EU–US Trade Update 2025
US–EU Tariff Escalation
On April 2, 2025, U.S. President Donald Trump announced the introduction of new tariffs, including a 25% tariff on steel and aluminum imports from the EU, along with a 20% tariff on all European goods, including automobiles. While AGRIWELL does not currently export to the United States, these developments reflect the shifting dynamics of global trade and the potential challenges EU-based exporters may face in the evolving regulatory landscape.
Previous Tariff Rates
Prior to these changes, the EU and the U.S. had established tariff rates under various agreements. For many agricultural products, tariffs ranged from 0% to 10%, depending on the specific commodity and existing trade agreements. Certain grains and oilseeds were subject to minimal tariffs, facilitating relatively free trade between the regions.
Timeline of Tariff Changes
Before February 2025: Trade between the EU and the U.S. benefited from low or zero tariffs for many product categories.
February 26, 2025: President Trump signaled plans to impose a 25% tariff on EU imports, citing trade imbalances.
April 2, 2025: Official announcement of new tariff structure:
April 5, 2025: A universal 10% tariff imposed on all imports to the U.S. from countries not granted special treatment.
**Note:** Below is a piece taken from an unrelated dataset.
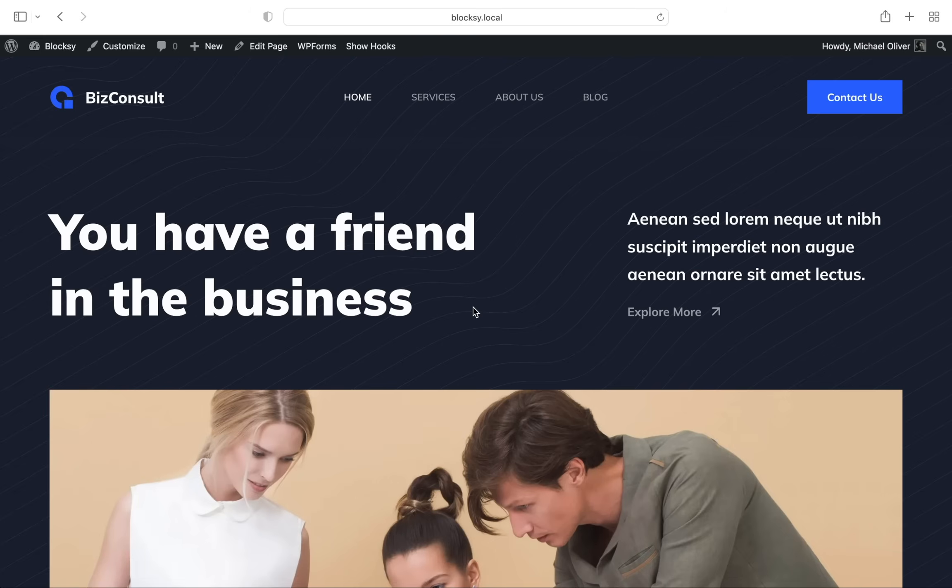Hi and welcome back to Bloxy. In today's video, we're going to learn how to create customized archive templates for your blog posts or even custom post types.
April 9, 2025: A country-specific 20% tariff applied to goods from the European Union, replacing the general 10% rate for EU-origin goods.
Effective Tariff for EU Exports
As of April 9, 2025, all goods exported from the EU to the U.S. are subject to a single tariff of 20%. This special rate replaces the general 10% tariff that applies to other countries, meaning EU goods are taxed at a flat 20% rate upon entry into the U.S.
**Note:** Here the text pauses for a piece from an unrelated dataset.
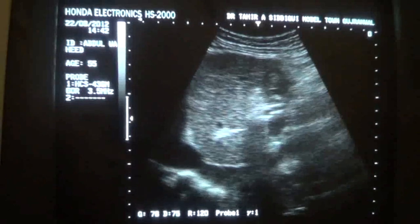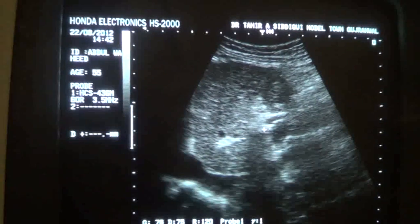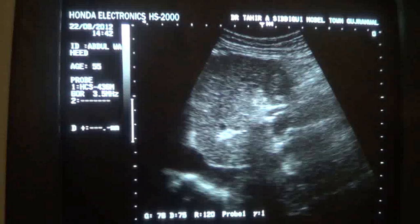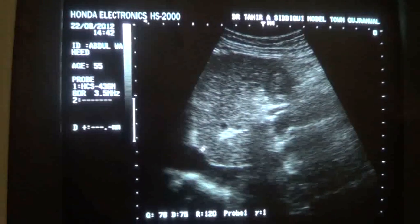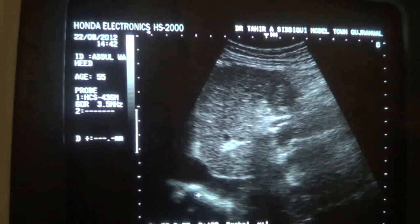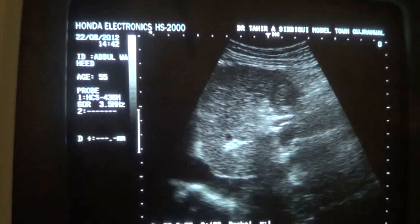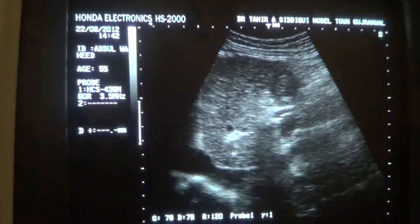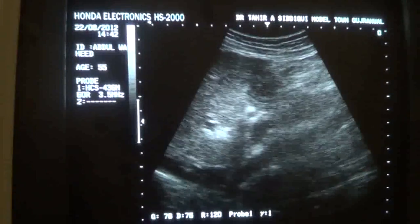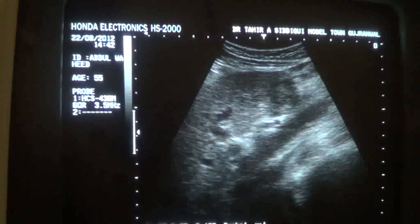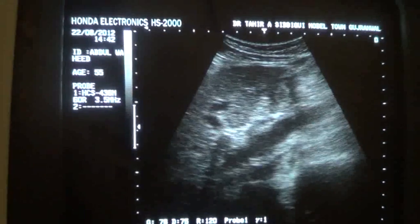This is the left lobe of the liver in longitudinal section. This is the ligamentum venosum. This is the inferior vena cava. This is segment one of the liver. The caudate lobe of the liver is normal.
Agricultural Trade Statistics: EU to U.S.
Even though AGRIWELL is not active in the U.S. market, understanding the scale of EU exports provides valuable context:
2023: EU agri-food exports to the U.S. totaled €27.18 billion.
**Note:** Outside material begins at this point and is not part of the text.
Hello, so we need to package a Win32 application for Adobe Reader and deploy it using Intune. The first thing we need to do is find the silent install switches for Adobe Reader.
2024: This figure increased to €28.7 billion, indicating strong growth despite early signs of tariff threats.

Top Export Categories in 2023:
Wine and wine-based beverages: €4.7 billion (17.3%)
Spirits and liqueurs: €2.76 billion (10.1%)
Cereals and flour-based products: €2.66 billion (9.8%)
Beer, cider, and other drinks: €2.0 billion (7.3%)
Dairy products: €1.89 billion (6.9%)
Monthly Export Highlights in 2024:
April 2024: €19.8 billion (10% increase YoY)
July 2024: €20.8 billion (15% increase YoY)
Trade Balance: From January to July 2024, the EU’s agri-food trade surplus reached €39.7 billion, up €1.1 billion from the same period in 2023.
EU Retaliation and Strategic Countermeasures
In response, the EU proposed a "zero-for-zero" agreement to eliminate industrial tariffs on both sides. However, President Trump rejected the proposal, claiming it wasn’t sufficient to address the US trade deficit with the EU.
The European Commission is now preparing retaliatory measures, including tariffs on American products such as steel, aluminum, and various industrial and agricultural goods. These countermeasures are expected to take effect on May 15, 2025.
At the same time, the EU is considering additional steps, such as a digital services tax targeting US tech giants including Google, Amazon, Facebook, Apple, and Microsoft (The Register, April 7, 2025).
This escalation has raised concerns about the potential negative impact on the global economy, with trade chambers and economists warning of a possible recession.
Both sides have expressed willingness to negotiate, but current actions suggest ongoing tensions in transatlantic trade relations.
Broader Considerations for AGRIWELL
While AGRIWELL is not impacted directly by the new U.S. tariffs, this development underscores the need to remain agile in international markets. Trade policies can shift rapidly, and being prepared for similar changes in other regions.
Monitoring global trade trends, strengthening relationships with existing markets, and evaluating new trade routes will help safeguard AGRIWELL’s strategic interests in an increasingly unpredictable economic climate.
Conclusion
This escalation has raised concerns about the potential negative impact on the global economy, with trade chambers and economists warning of a possible recession.
Both sides have expressed willingness to negotiate, but current actions suggest ongoing tensions in transatlantic trade relations.